▶ **YOUR TASK**: The answer must reproduce the listing exactly, with every picture left out.

▶ **DATA EXCERPTS**:
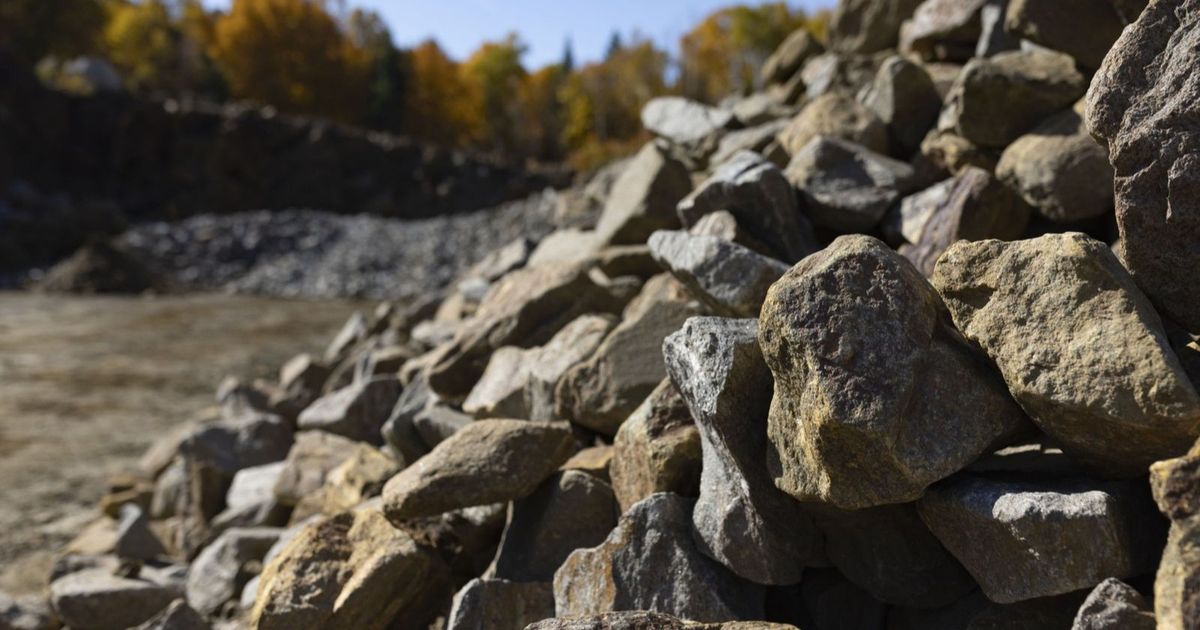 Why did the graphite move to the trade fight between America and China?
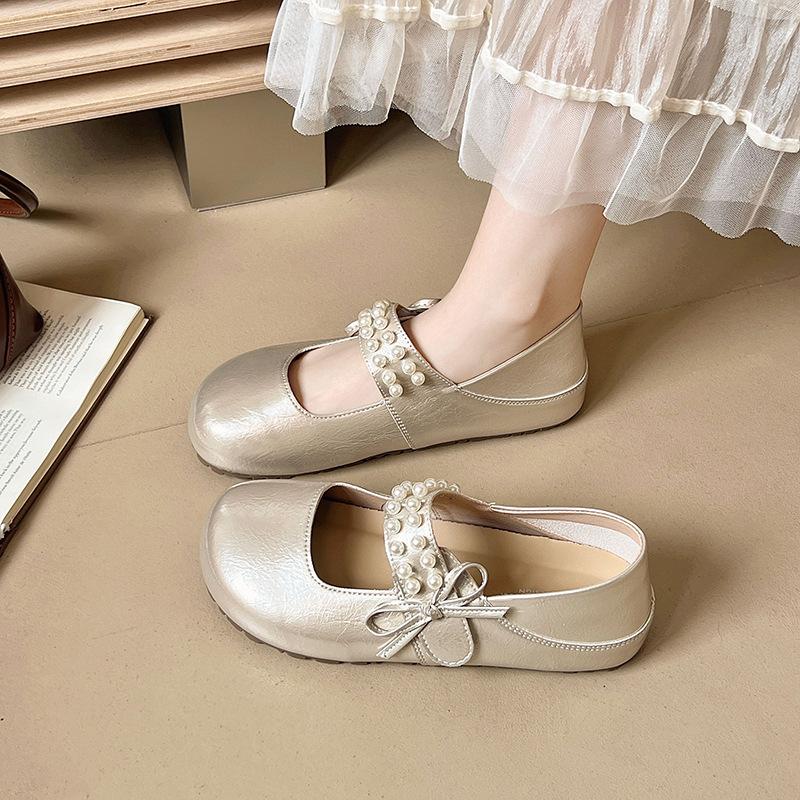 

French Mary Jane single shoes women s 2025 autumn and summer new models with skirts, small leather shoes are beautiful, flat and gentle evening shoes 40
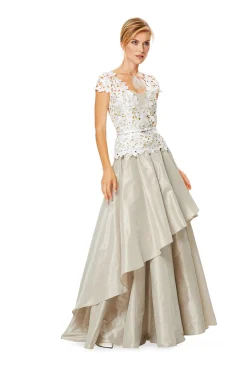 Cartamodelli Burda Abiti><noscript><img width=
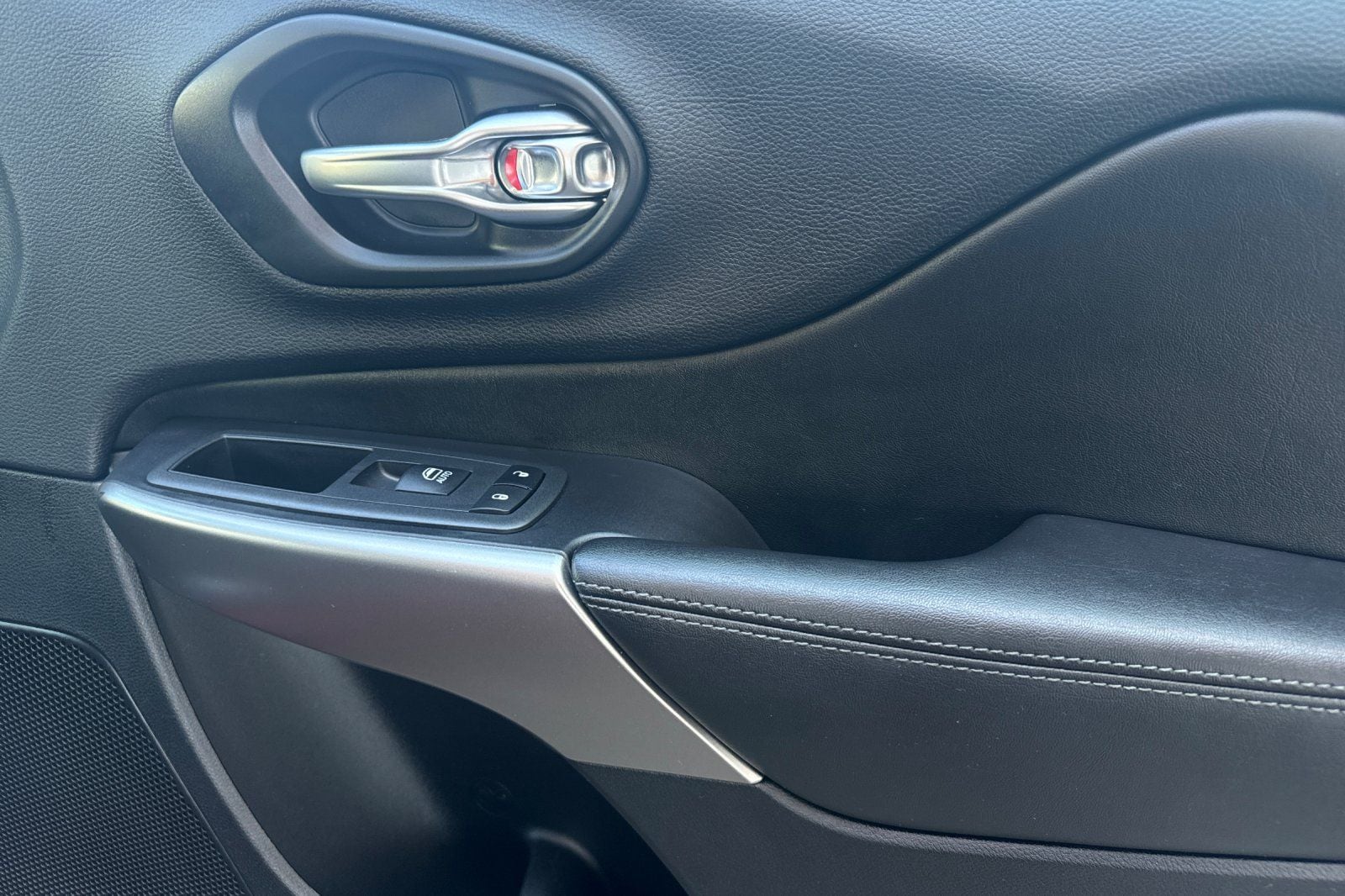 2020 Jeep Cherokee High Altitude - Photo 17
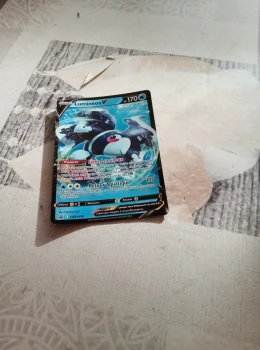 Carte pokemon lumineon v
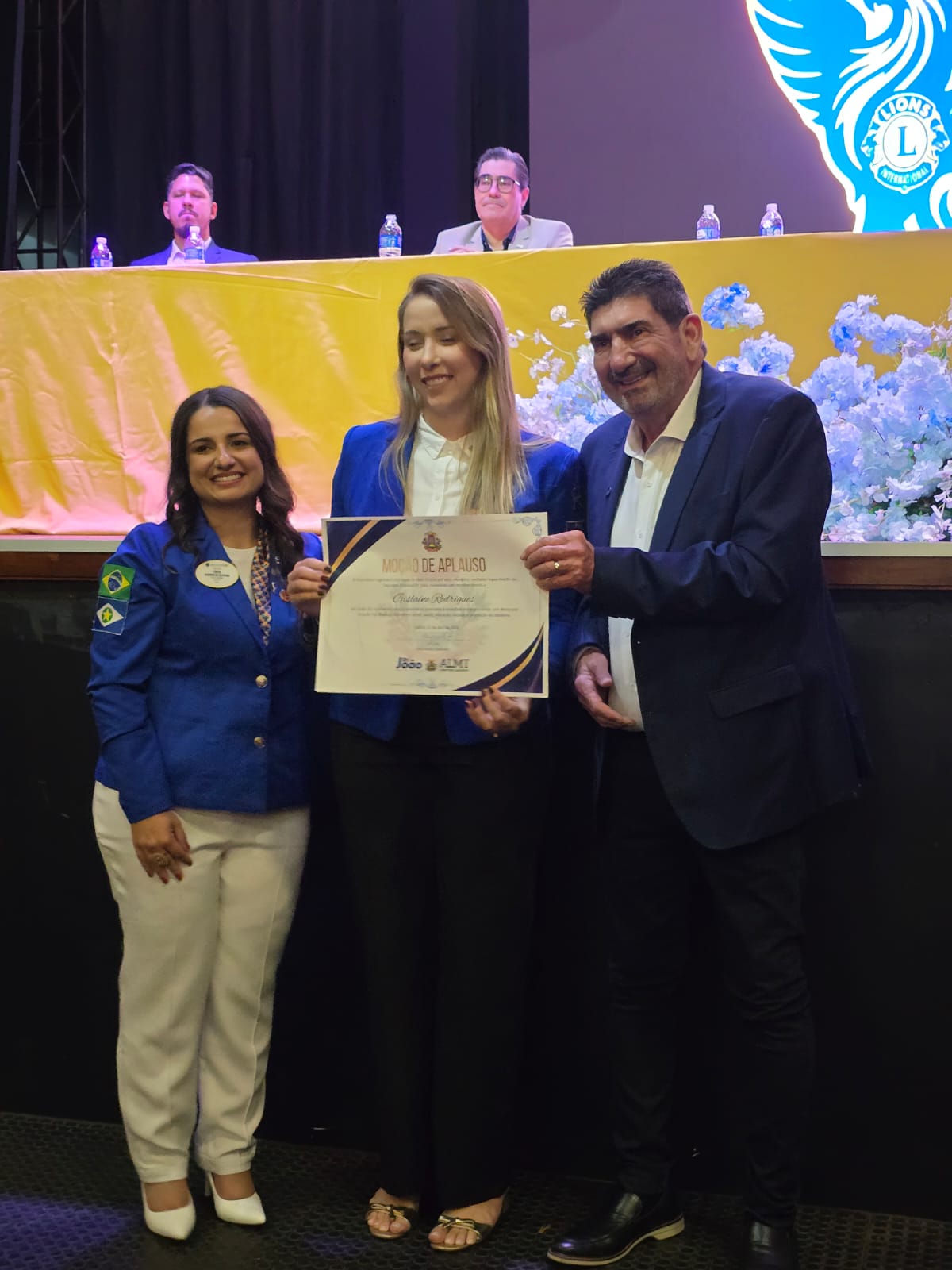 Sessão Solene com entrega de honrarias marca abertura de Convenção Distrital do Lions em Tangará da Serra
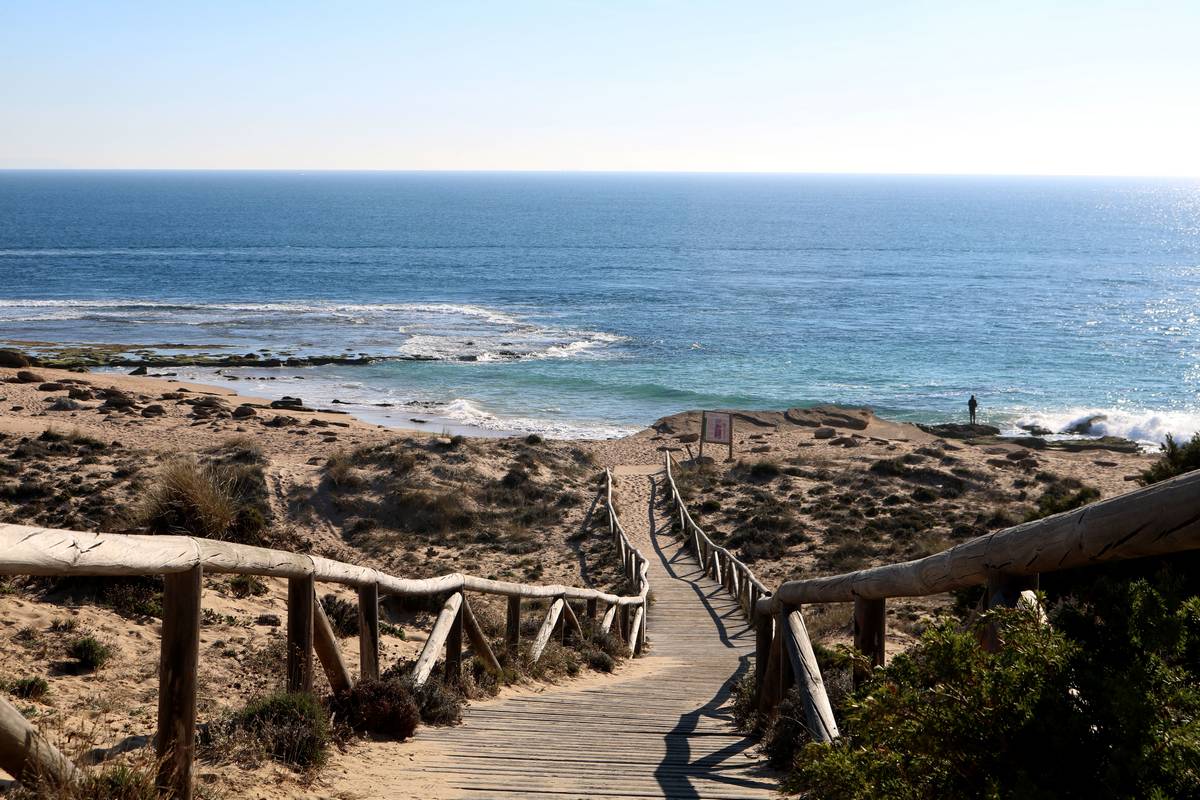 Un villaggio di pescatori autentico incastonato tra pinete e dune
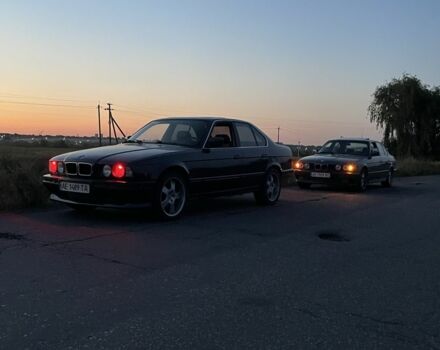 Серый БМВ 5 Серия, объемом двигателя 2 л и пробегом 30 тыс. км за 3500 $, фото 1 на Automoto.ua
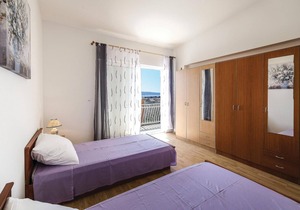 These beautifully furnished apartments are located in Kastel Luksic.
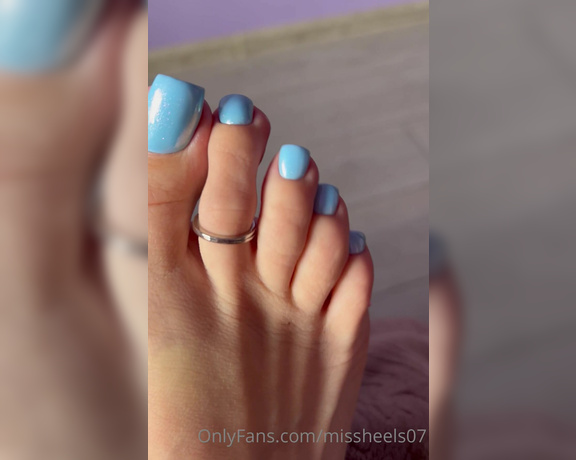 Miss Heels Lisa aka Missheels07 OnlyFans - Kiss my feet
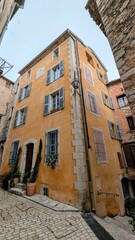 TOURRETTES-SUR-LOUP (Alpes-Maritimes)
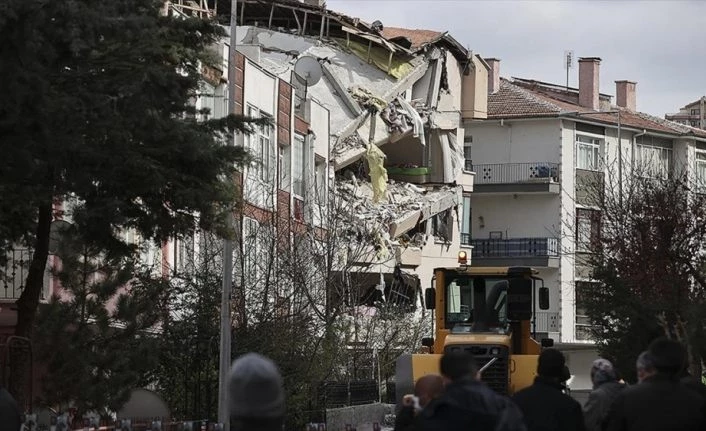 Açelya Apartmanı ile ilgili mülkiye başmüfettişlerince soruşturma yürütülüyor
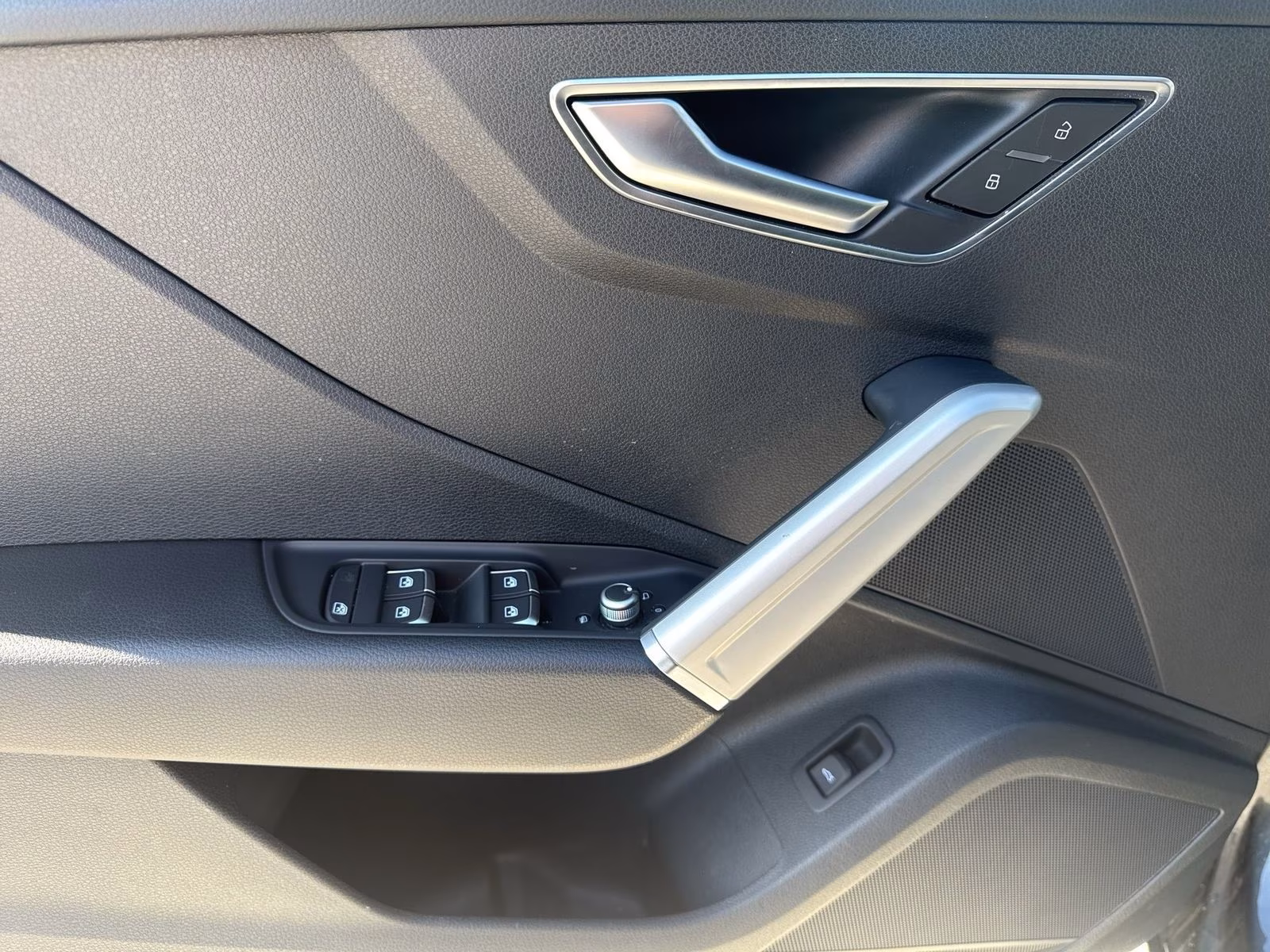 Audi Q2 35 TDI advanced Navi+ Kam Virtual Optik-Schw.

▶ **SOLUTION FOR THIS TASK**:
 Why did the graphite move to the trade fight between America and China?

French Mary Jane single shoes women s 2025 autumn and summer new models with skirts, small leather shoes are beautiful, flat and gentle evening shoes 40
 Cartamodelli Burda Abiti><noscript><img width=
 2020 Jeep Cherokee High Altitude - Photo 17
 Carte pokemon lumineon v
 Sessão Solene com entrega de honrarias marca abertura de Convenção Distrital do Lions em Tangará da Serra
 Un villaggio di pescatori autentico incastonato tra pinete e dune
 Серый БМВ 5 Серия, объемом двигателя 2 л и пробегом 30 тыс. км за 3500 $, фото 1 на Automoto.ua
 These beautifully furnished apartments are located in Kastel Luksic.
 Miss Heels Lisa aka Missheels07 OnlyFans - Kiss my feet
 TOURRETTES-SUR-LOUP (Alpes-Maritimes)
 Açelya Apartmanı ile ilgili mülkiye başmüfettişlerince soruşturma yürütülüyor
 Audi Q2 35 TDI advanced Navi+ Kam Virtual Optik-Schw.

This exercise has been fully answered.